I ta pani poprosiła o zrobienie dla tej córki naszyjnika z motywem dzikiego kota.
Hm, łatwo nie było, co tu kryć. To był mój pierwszy, własnoręczny dziki kot. 
Długo nad nim myślałam. 
Jakoś mi nie szło, a raczej szło po grudzie. Miałam tylko nadzieję, że wstydu nie będzie. Nie było. Pani zachwycona, córka jeszcze nie wiem, ale się dowiem. Dzikus wygląda tak...

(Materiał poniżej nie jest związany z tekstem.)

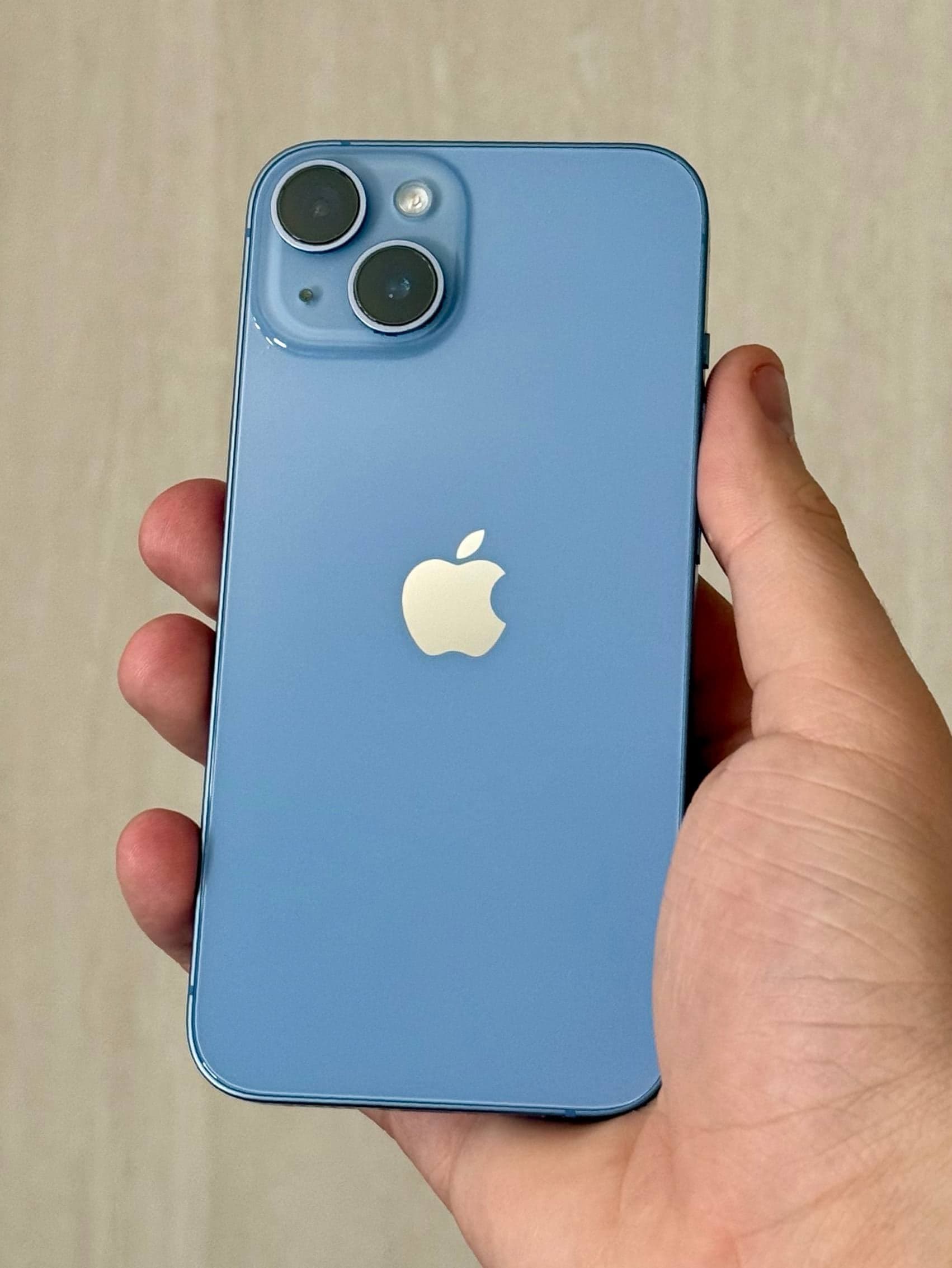 iPhone 14, 128 ГБ: корпус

Uwaga! Nie karmić dzikich zwierząt!
Do następnego, pozdrawiam i nie dajcie się grypie!

5 sty 2013

Nowe przyszło...

Zamilkłam na dłuższa chwilę, wiem. 
Święta minęły sobie cichutko, pachnąc barszczykiem, karpiem i słodząc ciastami wszelakimi i domowym ajerkoniakiem oraz łypiąc spod choinki górami prezentów. 
Wróciliśmy do domu, żeby wśród przyjaciół powitać Nowe. Owszem Nowe przyszło, tylko jakby schorowane, zmartwione nieco i troszkę smutne bez tych naszych przyjaciół (a raczej z nimi - tylko na odległość :)
Natala rozchorowała się, a potem jeszcze bardziej, no i tak wyszło. 
Myślałam,  że wszystko, co złe zostawiłam w starym roku, ale chyba tak się nie da. 
Na szczęście dobrze wiem, że wszystko mija, chorzy zdrowieją i jesteśmy chyba na prostej. Przy okazji znów przekonałam się, że mam wokół ludzi szczerych, dobrych, pomocnych i bezinteresownych - i to się liczy no nie?

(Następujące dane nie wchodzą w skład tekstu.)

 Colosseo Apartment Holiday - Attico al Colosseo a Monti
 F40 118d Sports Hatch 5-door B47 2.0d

Był czas na złapanie oddechu, poczytanie, posiedzenie i gawędzenie przy herbatce 
i dobrej muzyce.
Był też czas na nowe pomysły filcowe. 
Nowe, filcowe i optymistyczne naszyjniki na każdą niepogodę. Jestem pewna, że odpędzają chandrę - sprawdziłam to na sobie. 
Dziś prezentuję kilka. Wiem, że zdjęcia może nie są mistrzowskie, ale lepszy aparat odmówił współpracy, a i światło nie sprzyja.

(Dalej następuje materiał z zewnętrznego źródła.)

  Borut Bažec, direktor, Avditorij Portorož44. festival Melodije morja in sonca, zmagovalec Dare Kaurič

 Najmilsze wiadomości zostawiłam na koniec. Otóż wstaję sobie dziś rano, siadam do komputera z kubkiem kawy, wykorzystując fakt, że moje śpiochy w najlepsze chrapią, patrzę i... tadam! 
Wygrałam candy u Olgi w hand made by olga. Własnym oczom nie wierzyłam. 
Serducha śliczne i etui na telefon są moje! 
Bardzo, bardzo się cieszę i dziękuję wszystkim, a Oldze w szczególności za zabawę i radość.
I tak, podskakując z radości, dzięki komentarzom dziewczyn u Olgi zdałam sobie sprawę, że mija niebawem rok, odkąd jestem obecna tu, na blogu.
Muszę się zastanowić, jak to uczcić :)

Ze słonecznym pozdrowieniem dla wszystkich Aga.